**REQUIRED WORK**
For the records below, copy exactly the span that begins at the line containing "A cozy living" and stops after the line containing "a woman wearing", minus any pictures.

** DATASET RECORDS follows **

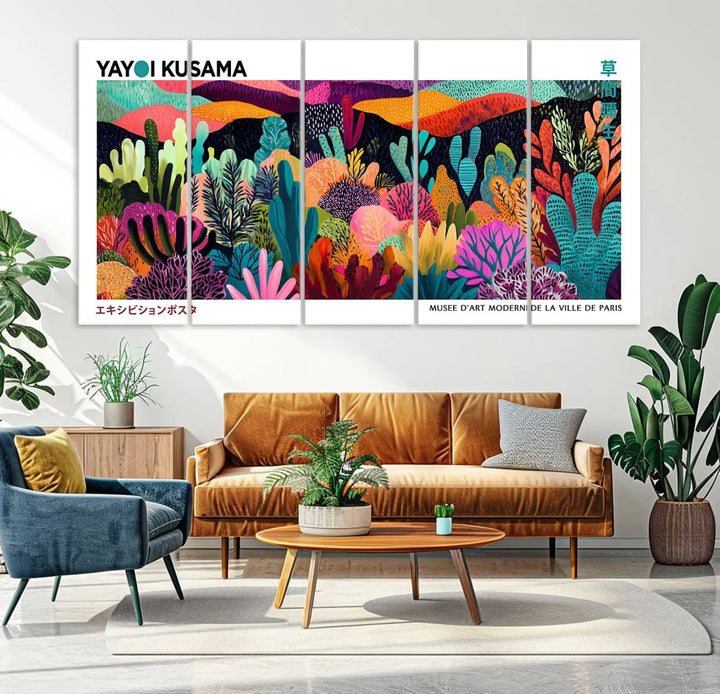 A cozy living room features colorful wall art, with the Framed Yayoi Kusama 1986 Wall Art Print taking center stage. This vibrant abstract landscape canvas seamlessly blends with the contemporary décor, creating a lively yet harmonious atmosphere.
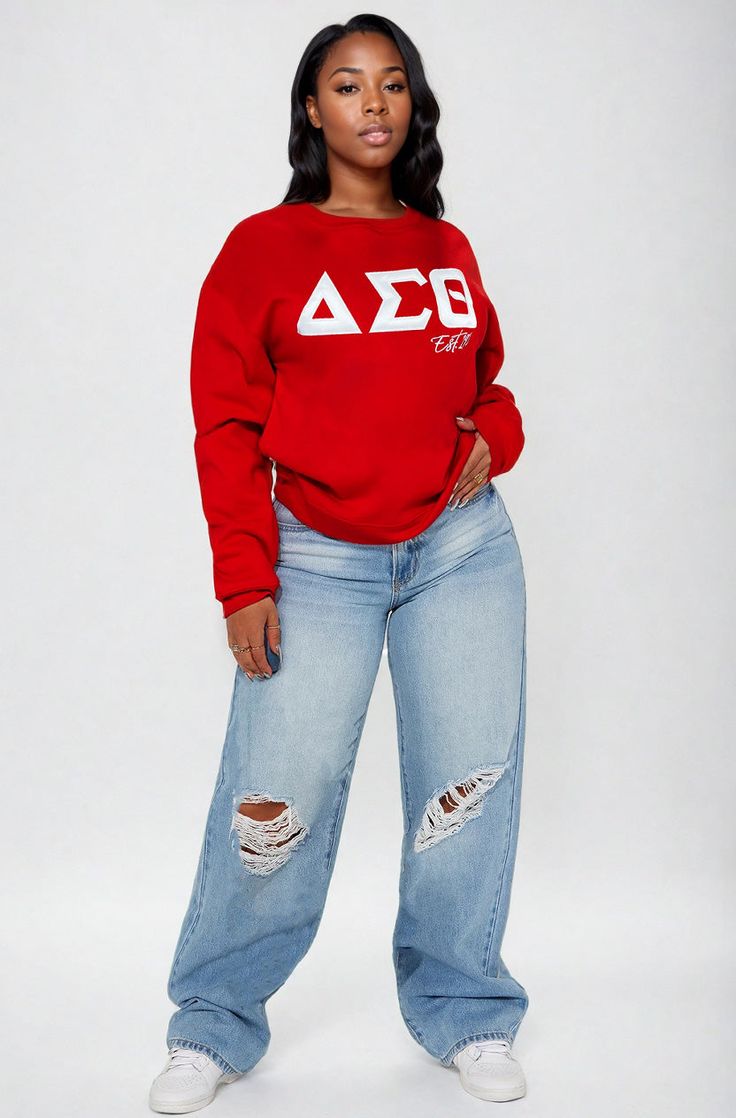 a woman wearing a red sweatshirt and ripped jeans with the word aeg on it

** End of DATASET RECORDS **
** DATASET RECORDS follows **

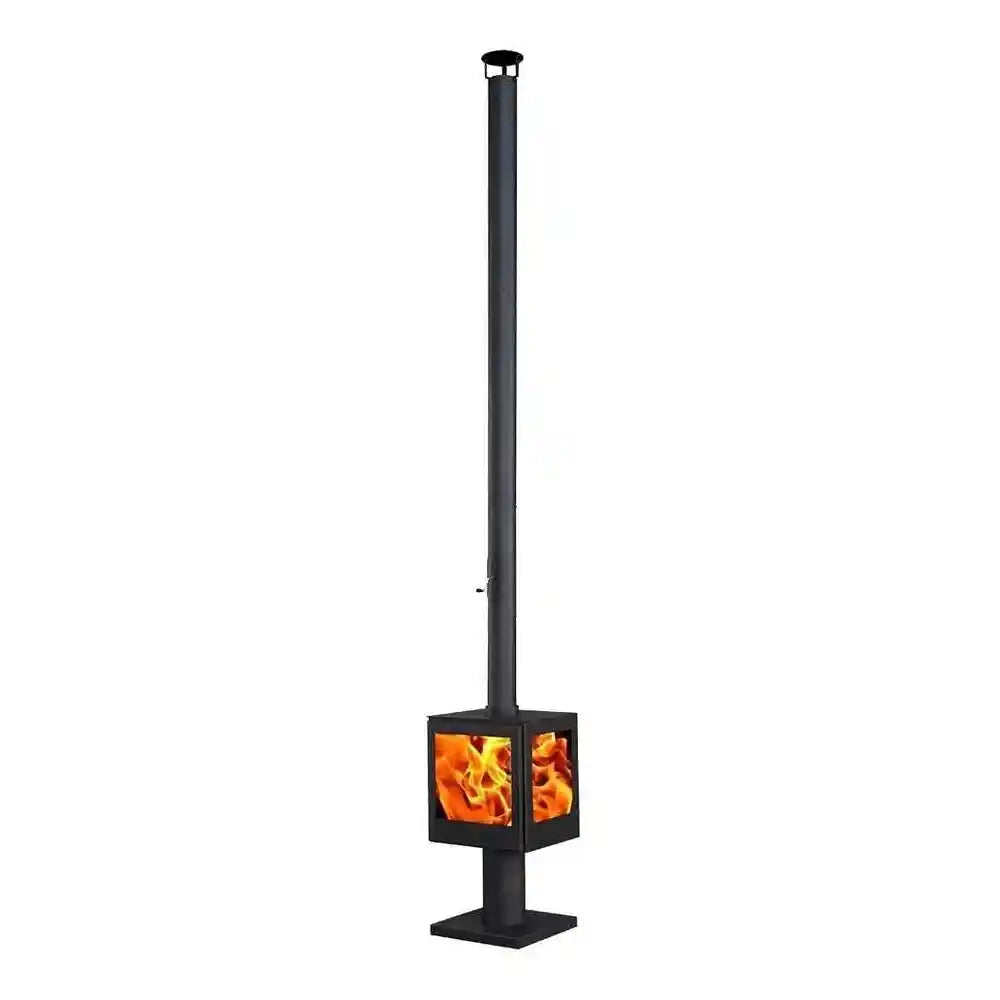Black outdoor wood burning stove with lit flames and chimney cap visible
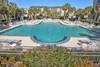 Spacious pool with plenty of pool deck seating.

** End of DATASET RECORDS **

**EXERCISE SOLUTION**
 A cozy living room features colorful wall art, with the Framed Yayoi Kusama 1986 Wall Art Print taking center stage. This vibrant abstract landscape canvas seamlessly blends with the contemporary décor, creating a lively yet harmonious atmosphere.
 a woman wearing a red sweatshirt and ripped jeans with the word aeg on it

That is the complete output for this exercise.